しかし、外では「痛くない健康な私」を演じていた。内側ではいつ事切れてもおかしくないと思うほどの強い痛みに耐えつつ、必死で笑顔を作っていた。会社で一日座っているだけでも辛いのに、仕事は次々と押し寄せてくる。やっとの思いで一日を終えて家に帰ると、無事に帰って来れたことにホッとして、緊張の糸がプツンと切れた。
そして「どうして私だけがこんな目に……」という思いが沸き上がり、玄関で崩れ落ちるようにして声をあげて泣いたこともあった。
外に出ると他の人がみんな痛みのない健康で幸せな人に見え、自分が酷くみじめに思えた。誰にも会いたくない。私は徐々に仕事以外の外出を避け、家に籠るようになった。
痛くて辛くて、本当に死にたいと思った。人生に絶望し、気づけばネットで自殺の方法を検索していたこともあった。夫にもよく「死にたい」「死んでしまいたい」と漏らしていた。
そんな私に夫は、ソファに寝転んでスマホを見ながら「ふーん、そうだなんだ。でも、生きてたら良いことあるかもしれないよ」と、淡々と受け流す。どこか他人事のような態度の夫に苛立ちを覚え、「痛みがない人はいいよね! 私は毎日が地獄なの!」と感情をぶつけていた。
しばらくして、私は友達と会うために久しぶりに出かけてみることにした。楽しいことをして、痛みとは別の方向に意識を向けるのが良いと聞いたからだ。うまく行かないかもしれないが、とにかく何でもやってみようと思った。
友達との時間はとても楽しく、気づけば痛みのことも忘れて笑っていた。
「ただいまー!」
「お帰り」
「聞いて聞いて! すっごく楽しかったー! 〇〇さんがね……」
楽しかった今日の話を伝えようとしたが、夫はうつむいて黙っている。
あれ?
よく見ると夫は肩を震わせて泣いていた。絞り出すような声で「良かった。良かった」と何度も繰り返し、嗚咽を漏らしている。私は、夫がなぜ泣いているのかわからず戸惑った。
夫は鼻をすすりながら、言葉を絞り出した。
「こんなに楽しそうに笑ってるの、久しぶりに見たから……。本当に良かった」
彼は、私が途中で痛みに耐えきれず帰ってくるのではないかと、ずっと心配していたらしい。もしそうなれば、意気込みが強かった分だけ、きっと深く傷つき、悲しい思いをするだろうと。そんな中、久しぶりに明るい笑顔で帰ってきた私を見て、心から安堵し、嬉しかったのだという。
私は夫の涙を見て思った。
ああ、この人も私と同じように、いや、それ以上に不安で辛かったのだ。ずっと苦しんでいたのだ。

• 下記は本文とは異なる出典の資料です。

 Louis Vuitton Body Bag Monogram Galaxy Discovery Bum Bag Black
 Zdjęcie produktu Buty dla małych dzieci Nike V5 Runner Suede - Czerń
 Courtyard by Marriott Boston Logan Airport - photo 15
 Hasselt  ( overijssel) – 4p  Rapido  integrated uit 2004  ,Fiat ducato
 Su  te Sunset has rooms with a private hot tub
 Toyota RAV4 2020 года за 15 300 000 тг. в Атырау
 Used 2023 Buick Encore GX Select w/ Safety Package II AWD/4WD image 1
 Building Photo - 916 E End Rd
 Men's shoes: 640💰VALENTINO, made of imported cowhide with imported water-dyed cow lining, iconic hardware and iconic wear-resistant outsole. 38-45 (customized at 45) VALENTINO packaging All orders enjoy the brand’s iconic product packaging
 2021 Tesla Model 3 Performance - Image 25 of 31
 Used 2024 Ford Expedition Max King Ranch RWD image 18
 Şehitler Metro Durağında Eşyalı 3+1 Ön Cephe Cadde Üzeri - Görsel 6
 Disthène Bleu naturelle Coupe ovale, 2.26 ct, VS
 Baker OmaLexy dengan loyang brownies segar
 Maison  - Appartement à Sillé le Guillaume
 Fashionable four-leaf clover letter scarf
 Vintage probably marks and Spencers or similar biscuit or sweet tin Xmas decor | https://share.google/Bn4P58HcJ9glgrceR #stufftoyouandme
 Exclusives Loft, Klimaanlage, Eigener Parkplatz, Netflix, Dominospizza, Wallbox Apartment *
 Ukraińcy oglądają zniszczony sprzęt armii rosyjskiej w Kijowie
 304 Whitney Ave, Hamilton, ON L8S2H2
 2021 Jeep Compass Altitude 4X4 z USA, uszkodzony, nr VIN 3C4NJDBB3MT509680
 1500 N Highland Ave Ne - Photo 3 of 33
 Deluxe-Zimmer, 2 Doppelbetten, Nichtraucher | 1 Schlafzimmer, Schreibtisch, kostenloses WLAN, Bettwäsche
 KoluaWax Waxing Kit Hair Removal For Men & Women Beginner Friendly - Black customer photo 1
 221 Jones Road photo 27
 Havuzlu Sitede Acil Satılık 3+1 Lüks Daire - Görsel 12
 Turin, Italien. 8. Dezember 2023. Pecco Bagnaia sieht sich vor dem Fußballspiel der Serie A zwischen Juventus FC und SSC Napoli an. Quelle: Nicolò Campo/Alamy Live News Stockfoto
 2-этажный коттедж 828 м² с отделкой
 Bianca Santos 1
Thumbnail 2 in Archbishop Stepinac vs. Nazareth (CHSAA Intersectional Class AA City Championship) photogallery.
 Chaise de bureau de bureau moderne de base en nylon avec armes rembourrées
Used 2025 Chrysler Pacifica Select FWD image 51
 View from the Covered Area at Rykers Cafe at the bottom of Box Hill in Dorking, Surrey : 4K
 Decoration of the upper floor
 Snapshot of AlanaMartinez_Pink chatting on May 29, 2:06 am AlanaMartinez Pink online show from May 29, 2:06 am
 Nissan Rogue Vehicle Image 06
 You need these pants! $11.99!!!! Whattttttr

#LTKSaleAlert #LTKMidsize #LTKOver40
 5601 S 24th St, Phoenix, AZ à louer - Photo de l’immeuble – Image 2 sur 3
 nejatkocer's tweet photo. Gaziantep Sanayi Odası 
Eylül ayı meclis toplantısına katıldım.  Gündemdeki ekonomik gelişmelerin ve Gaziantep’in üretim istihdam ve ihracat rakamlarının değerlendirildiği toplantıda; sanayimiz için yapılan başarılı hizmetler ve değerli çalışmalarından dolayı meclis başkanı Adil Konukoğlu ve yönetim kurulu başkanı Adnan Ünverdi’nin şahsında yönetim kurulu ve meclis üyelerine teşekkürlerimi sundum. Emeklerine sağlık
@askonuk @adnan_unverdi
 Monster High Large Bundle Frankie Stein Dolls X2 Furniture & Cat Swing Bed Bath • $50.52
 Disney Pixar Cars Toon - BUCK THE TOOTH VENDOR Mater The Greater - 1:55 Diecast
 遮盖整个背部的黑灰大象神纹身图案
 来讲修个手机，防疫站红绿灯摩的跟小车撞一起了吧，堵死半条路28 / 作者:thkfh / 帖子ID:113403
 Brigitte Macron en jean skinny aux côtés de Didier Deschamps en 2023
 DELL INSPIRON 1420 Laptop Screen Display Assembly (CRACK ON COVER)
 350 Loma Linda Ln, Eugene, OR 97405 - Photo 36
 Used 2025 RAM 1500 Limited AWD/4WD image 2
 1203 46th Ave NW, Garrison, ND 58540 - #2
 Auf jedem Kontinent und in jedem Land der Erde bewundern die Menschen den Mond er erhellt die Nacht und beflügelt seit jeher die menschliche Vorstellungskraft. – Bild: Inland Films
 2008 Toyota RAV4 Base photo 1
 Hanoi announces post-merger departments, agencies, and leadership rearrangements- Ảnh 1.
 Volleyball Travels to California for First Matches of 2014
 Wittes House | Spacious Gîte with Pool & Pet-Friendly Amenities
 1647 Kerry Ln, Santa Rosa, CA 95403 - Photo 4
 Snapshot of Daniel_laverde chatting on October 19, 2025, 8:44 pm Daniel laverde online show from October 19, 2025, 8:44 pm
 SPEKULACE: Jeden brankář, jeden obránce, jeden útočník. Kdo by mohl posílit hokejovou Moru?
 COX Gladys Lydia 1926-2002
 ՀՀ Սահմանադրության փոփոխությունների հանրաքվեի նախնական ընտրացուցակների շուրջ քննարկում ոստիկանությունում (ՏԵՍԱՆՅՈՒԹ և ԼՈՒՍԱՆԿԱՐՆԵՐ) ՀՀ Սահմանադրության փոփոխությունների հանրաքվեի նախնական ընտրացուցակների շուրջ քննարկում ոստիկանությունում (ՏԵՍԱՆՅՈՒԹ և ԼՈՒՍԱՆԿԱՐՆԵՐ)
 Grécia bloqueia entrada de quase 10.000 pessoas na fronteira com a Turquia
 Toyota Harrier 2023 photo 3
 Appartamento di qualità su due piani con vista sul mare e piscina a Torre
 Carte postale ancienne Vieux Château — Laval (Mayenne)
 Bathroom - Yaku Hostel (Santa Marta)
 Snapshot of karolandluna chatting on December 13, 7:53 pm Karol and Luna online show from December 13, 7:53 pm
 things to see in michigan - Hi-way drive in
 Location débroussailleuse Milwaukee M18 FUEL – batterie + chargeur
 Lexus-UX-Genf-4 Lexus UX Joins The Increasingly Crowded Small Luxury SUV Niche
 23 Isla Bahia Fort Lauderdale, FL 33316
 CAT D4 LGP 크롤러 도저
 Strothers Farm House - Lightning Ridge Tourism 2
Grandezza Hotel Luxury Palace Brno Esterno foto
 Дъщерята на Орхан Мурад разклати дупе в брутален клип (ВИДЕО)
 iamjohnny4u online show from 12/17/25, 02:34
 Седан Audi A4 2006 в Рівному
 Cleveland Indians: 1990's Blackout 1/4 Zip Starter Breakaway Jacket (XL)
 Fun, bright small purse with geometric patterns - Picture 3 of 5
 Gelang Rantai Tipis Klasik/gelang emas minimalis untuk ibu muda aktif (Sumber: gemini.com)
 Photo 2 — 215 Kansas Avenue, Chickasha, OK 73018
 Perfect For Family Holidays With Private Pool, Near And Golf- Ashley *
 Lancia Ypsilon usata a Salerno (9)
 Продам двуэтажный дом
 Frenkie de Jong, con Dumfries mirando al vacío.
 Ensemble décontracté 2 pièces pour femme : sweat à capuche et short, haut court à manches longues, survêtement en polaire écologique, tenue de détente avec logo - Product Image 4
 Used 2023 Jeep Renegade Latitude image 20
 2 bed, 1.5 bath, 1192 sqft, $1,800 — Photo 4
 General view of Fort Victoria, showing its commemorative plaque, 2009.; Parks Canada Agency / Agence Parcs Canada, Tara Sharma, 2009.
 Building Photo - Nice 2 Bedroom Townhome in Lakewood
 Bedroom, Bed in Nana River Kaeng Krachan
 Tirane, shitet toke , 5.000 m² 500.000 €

私は自分の感情を夫にぶつけてばかりだったけれど、夫は弱っている私にそれを返すことなどできるはずもない。誰にも言えず、平気なふりをしながら、一人でずっと不安や辛さを抱え込んでいたのだ。
何度も「死にたい」と言う私の言葉を、夫はどんな思いで聞いていたのだろう。私を興奮させないように「生きてたら、良いことあるかもしれないよ」と受け流しながらも、その裏でどれほど複雑な心境だったのだろう。
私を置いて出かけるたびに、「もしかして……」という不安が頭をよぎることもあったという。「まさか自殺なんてするはずない」と思い直しながらも、嫌な想像が膨らんでしまう。急いで帰って、私の姿を見てホッと胸を撫で下ろしたことも、一度や二度ではなかったそうだ。
しかし、夫はそんなそぶりを一切見せず、いつもと変わらない様子で私に接していた。
ああ、私は「病人」であることに甘え、まるで「病人様」のようにふんぞり返っていたのだと気づいた。病気を理由に甘え腐り、家族には何をしても許されると勘違いしていた。自分の感情や苦しみばかりを優先し、いつも暗い顔をして夫に愚痴をこぼし続け、「死にたい」とまで言って、彼をどれほど不安にさせたことか。
悲劇のヒロインを演じることで、家族を支配し、さらにはその不幸を伝染させていた。一番大切な人に、こんなにも大きな苦しみを与えていたなんて……。
痛みがなかった頃と変わりなく自分の役割を果たすことが夫に負担をかけない一番の方法だと思っていた。だから痛くても仕事や家事を普段通りにこなした。しかし、それは大きな誤解だった。夫が望んでいたのはそんなことではなく、私の笑顔、ただそれだけだったのだ。なんにもわかっていなかったな……。私は夫の肩をさすりながら、「ごめんね、ごめんね」と何度もつぶやいた。
優しい夫に何かお返しがしたいと思っていた。もちろん、彼は「いらないよ」と言って、何も望まないだろう。でも、ふふふ、さっき「唐揚げの香り」って言ってたな。
唐揚げの芳香剤を「じゃーん! あったよー!」と見せて、「えーー!」と笑い合う。そんな小さな喜びを、夫にお返しして一緒に笑いたかった。
しかし、唐揚げの芳香剤は簡単には見つからなかった。企画したところで却下されるよなぁ……と諦めかけた時、なんと、唐揚げの香りの入浴剤と線香が見つかったのだ!
唐揚げ好きしか欲しがらない、いや、唐揚げ好きでも敬遠しそうな商品だが、世の中にはニッチな市場がちゃんと存在すると知った。いずれ、芳香剤が発売される日もそう遠くないかもしれない。
夫、いつかプレゼントするからお楽しみに! それまでは本物の唐揚げで香りを楽しんでね。